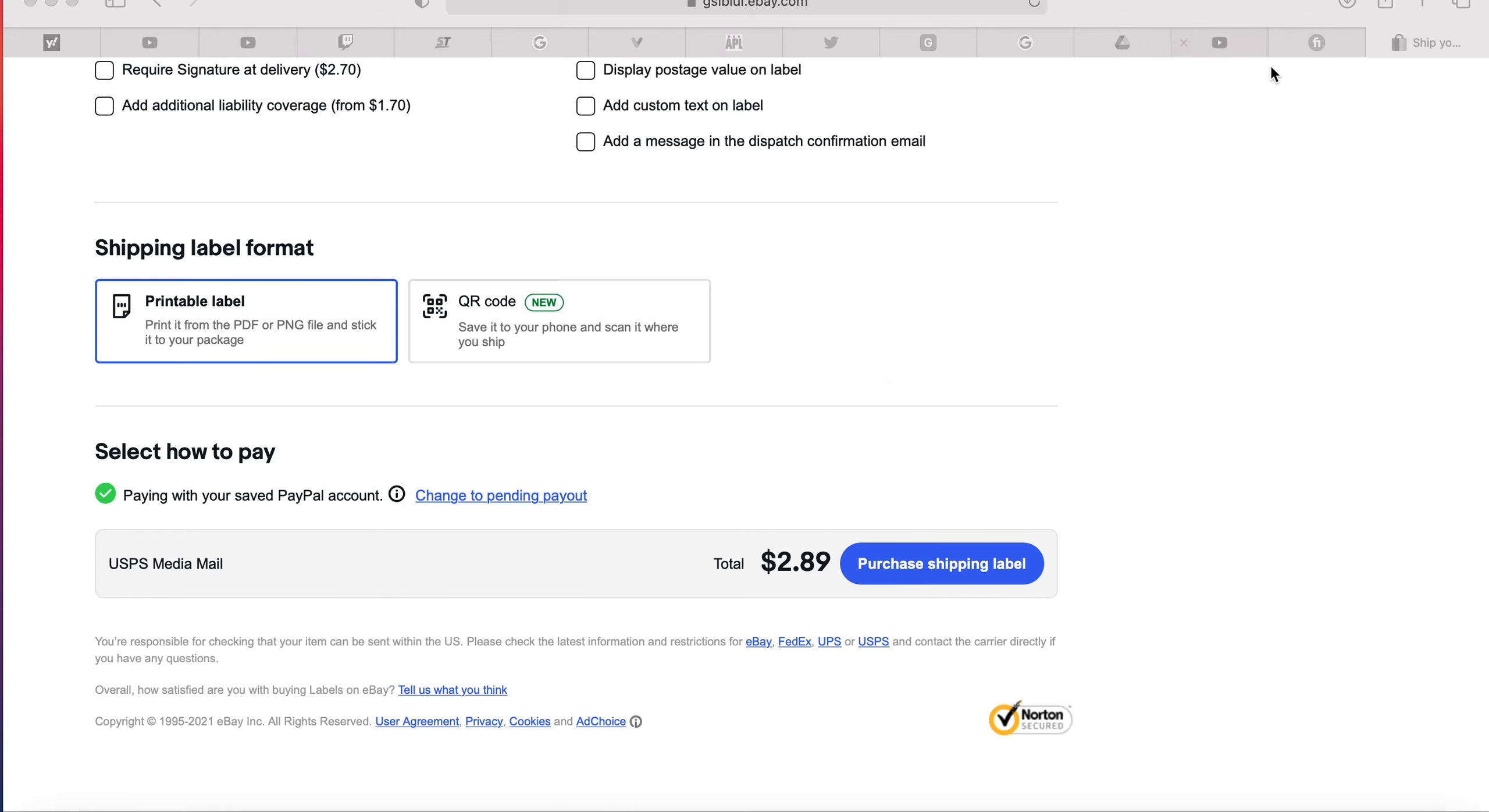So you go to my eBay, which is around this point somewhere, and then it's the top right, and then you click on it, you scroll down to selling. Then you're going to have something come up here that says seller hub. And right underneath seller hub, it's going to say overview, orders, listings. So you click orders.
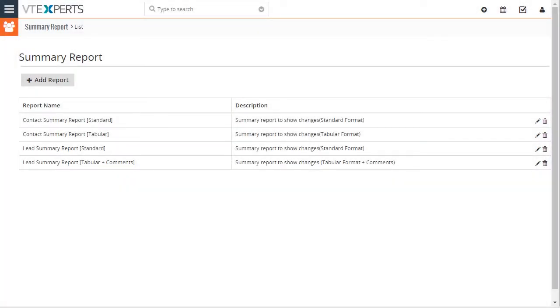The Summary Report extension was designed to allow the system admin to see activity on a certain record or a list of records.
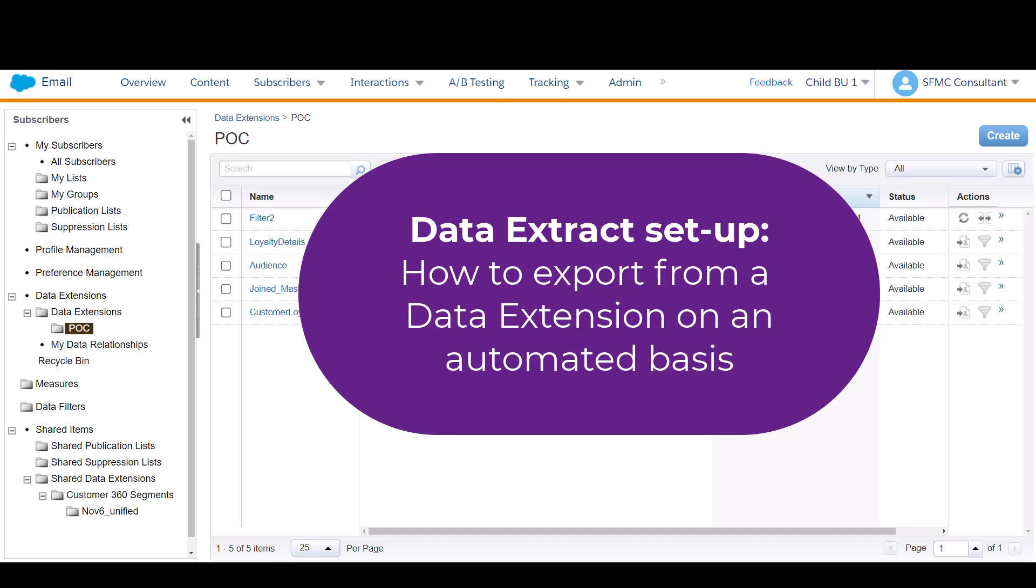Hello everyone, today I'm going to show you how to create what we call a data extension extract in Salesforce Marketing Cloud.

□ □ □ □ □

# What the exercise asks
Repeat the material above exactly; pictures do not belong in the copy.

# Exercise response
So you go to my eBay, which is around this point somewhere, and then it's the top right, and then you click on it, you scroll down to selling. Then you're going to have something come up here that says seller hub. And right underneath seller hub, it's going to say overview, orders, listings. So you click orders.
The Summary Report extension was designed to allow the system admin to see activity on a certain record or a list of records.
Hello everyone, today I'm going to show you how to create what we call a data extension extract in Salesforce Marketing Cloud.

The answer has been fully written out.